Some years back, Frank Warren handed out 400 blank postcards bearing his address to strangers and asked them to send their untold secrets to him. Warren began receiving confessions like: "I haven't spoken to my dad in 10 years, and it kills me every day" and "Everyone who knew me before 9/11 now believes I'm dead." Today, Warren's Post-Secret project receives over 1,000 postcard secrets every week.
Since then a plethora of online confessionals have followed. Many of the confessions posted are fabricated. But many are heartfelt, like the woman who confessed to cheating on her boyfriend and then wrote: "I'm sorry. I don't believe in a god, but I feel I need to finally tell someone the truth, even if it is just the Internet."

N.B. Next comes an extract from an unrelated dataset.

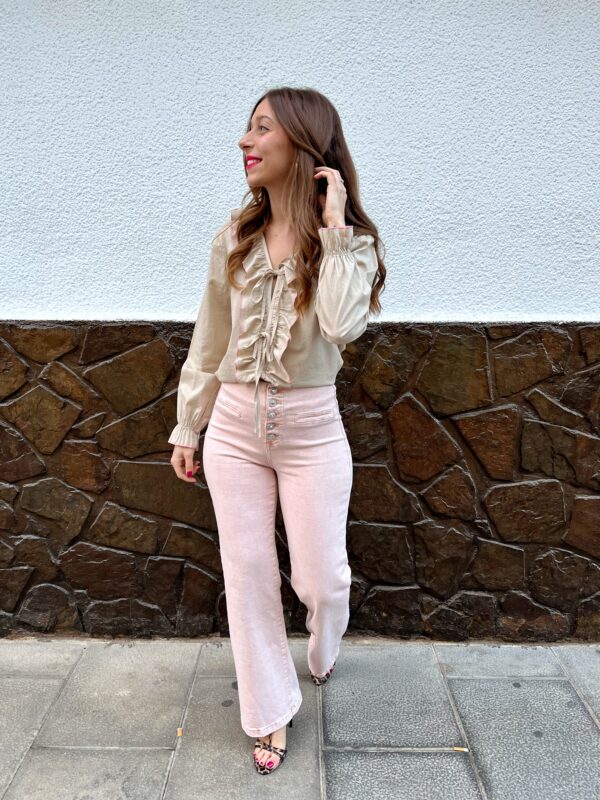 Blusa Lazos Ribete Beige - Imagen 3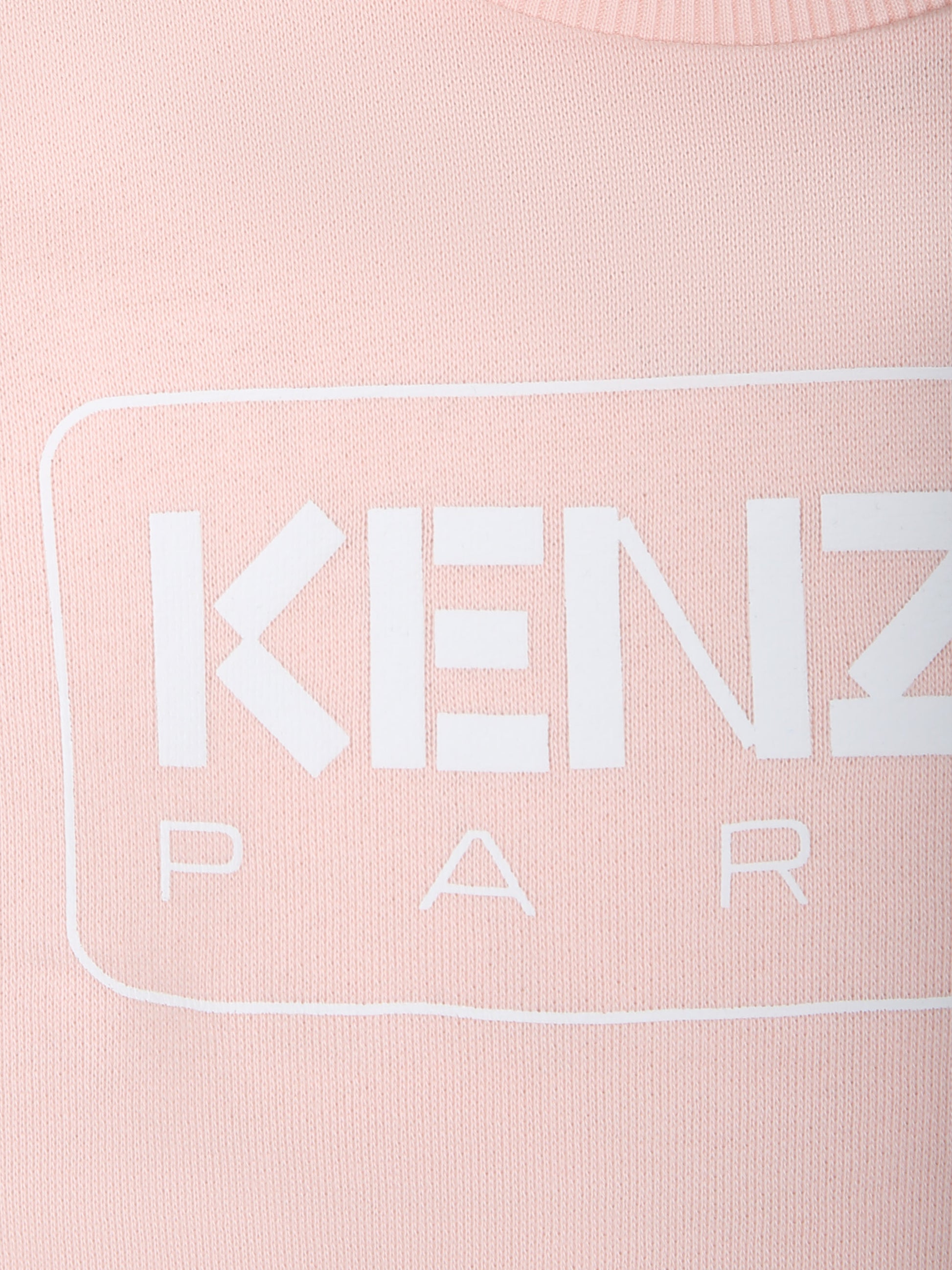 Felpa rosa per bambina con logo,Kenzo Kids,K60238 46T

The human soul longs to confess its guilt. Three thousand years ago, King David wrote in a song: "When I refused to confess my sin, my body wasted away, and I groaned all day long" (Psalm 32:3). We don't know what sin was on his mind, but we know how he felt before he came clean: "Day and night your hand of discipline was heavy on me. My strength evaporated like water in the summer heat" (v.4).
David finally confessed his sin to God and discovered the power of divine pardon. "And You forgave me!" he sings heavenward in relief. "All my guilt is gone" (v.5).
Confessing our wrongs on a postcard or Web site may be partially therapeutic, but it doesn't go far enough. It's not just confession we need, but cleansing. The Internet doesn't "hear" our confession. A postcard can't "pardon" our sin. But the personal God of the universe can do both.
"Therefore," David sings on, "let all the godly pray to You while there is still time" (v.6). Confess and be clean, for the God of forgiveness is listening.